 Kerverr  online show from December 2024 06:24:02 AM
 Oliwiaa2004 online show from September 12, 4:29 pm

++++++++

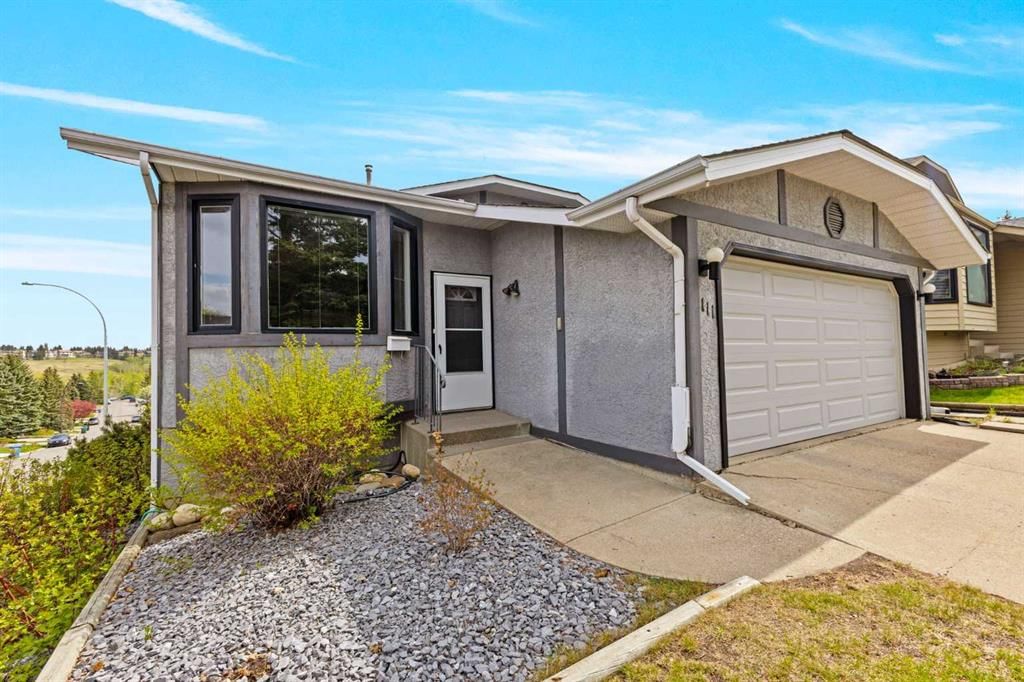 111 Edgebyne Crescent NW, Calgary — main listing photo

++++++++

_Assignment_: Please copy the lines above from the line with "2024 06:24:02 AM" up to and including the line with "Oliwiaa2004 online show", exactly as written and with nothing else.

_Response area_:
 Kerverr  online show from December 2024 06:24:02 AM
 Oliwiaa2004 online show from September 12, 4:29 pm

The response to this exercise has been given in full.